Chapitre 23: Retiens-moi !
La brune restait sans voix, ses yeux cherchaient désespérément à échapper à l'inquisition du regard émeraude. Emma renouvela sa question :
-« Gina, dis-moi, qu'as-tu à y perdre?».
Les yeux de la pharmacienne s'emplirent de larmes tandis qu'elle baissait la tête refusant de répondre.
Emma la lâcha et tourna les talons en pestant, exaspérée par ce silence qui trahissait la soumission morale de la brune envers son horrible génitrice. Elle bouscula une chaise, lança un regard désespéré à Gus et finit par se diriger vers la porte de sortie.
Son avocat l'interpela.
-« Emma, Attendez… où allez-vous ? L'audience reprend dans moins d'un quart d'heure. »
- « Je sors ! J'ai besoin de prendre l'air! Je serai juste devant. »
- « Laissez-moi vous accompagner… »
Et il lui emboitât le pas sans attendre sa réponse.
Arrivée dans le sas qui séparait la salle du couloir, Emma se retourna vers lui, furieuse :
- « Bon sang vous ne pouvez pas me lâcher deux secondes? J'ai besoin d'être seule, besoin de réfléchir… Vous pouvez comprendre ça non ? Tout ce en quoi je commençais à croire semble soudain si fragile… Cette…, cette Cora Mills, … comment peut-elle faire subir ça à sa propre fille? Si je ne me retenais pas, j'irai lui mettre mon poing dans la figure…»
L'avocat la regardait comme subitement pétrifié. Puis, au bout d'un court instant, un large sourire s'afficha sur son visage. Il s'approcha de la blonde et lui posa la main sur l'épaule.
- « Mais oui… C'est ça ! … Vous avez raison! C'est ça qu'elle attend cette tordue… Emma vous êtes un génie ! »
L'inspectrice regardait son petit avocat rondouillard qui sautillait sur place, comme un gamin qui vient de trouver la solution d'une devinette.
- « Quoi ? Qu'est-ce qu'elle attend ? Que je lui en mette une ? »
- « Emma, écoutez-moi. Cora a du se renseigner sur vous. Elle vous sait donc obstinée, impétueuse et entière. En fait, je pense qu'elle cherche à vous faire perdre les pédales pour vous discréditer à la fois devant le jury mais également aux yeux de sa fille.

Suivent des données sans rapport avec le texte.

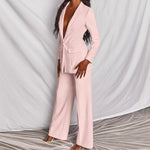 Set "Lara" – Elegante Blazer & Broek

C'est évident ! Vous avez raison… Et comme vous, je suis persuadé qu'elle n'ira pas jusqu'à témoigner… »
- « Mais vous l'avez vue, vous avez vu comment Régina la croit capable du pire ? Comment a-t-elle pu la terroriser comme ça ? »
- « Cette femme est machiavélique, Emma. Régina a du s'en éloigner physiquement pour avoir la force de résister à son emprise morale. Mais là, avec sa mère de nouveau dans les parages, elle faiblit… Vous devez l'aider à lui résister, lui montrer votre soutien. Surtout pas la brusquer. »
Il appuya cette dernière phrase d'une légère pression de sa main sur l'épaule de la policière, comme pour la sortir de sa torpeur. Celle-ci se tourna vers lui, le visage apaisé.
- « Depuis quand faîtes vous dans le conseil conjugal Maitre Dwarf ? »
Le petit avocat émit un petit rire, haussa les épaules puis tourna les talons faisant mine de retourner dans la salle où ils avaient mangé en lançant :
- « Ah ça? C'est depuis qu'une de mes cliente a fait de l'ingérence dans ma propre vie sentimentale, avec bonheur je dois l'avouer... »
La main sur la poignée de la porte, il se retourna et regarda la policière l'œil sévère :
- « Et bon sang Emma, appelez-moi Leroy enfin! »
Maitre Dwarf venait de quitter la pièce dans les pas d'Emma. Régina se laissa tomber sur une chaise et enfouit son visage en larmes entre ses mains.
Gus s'avança alors et posa une main sur son bras.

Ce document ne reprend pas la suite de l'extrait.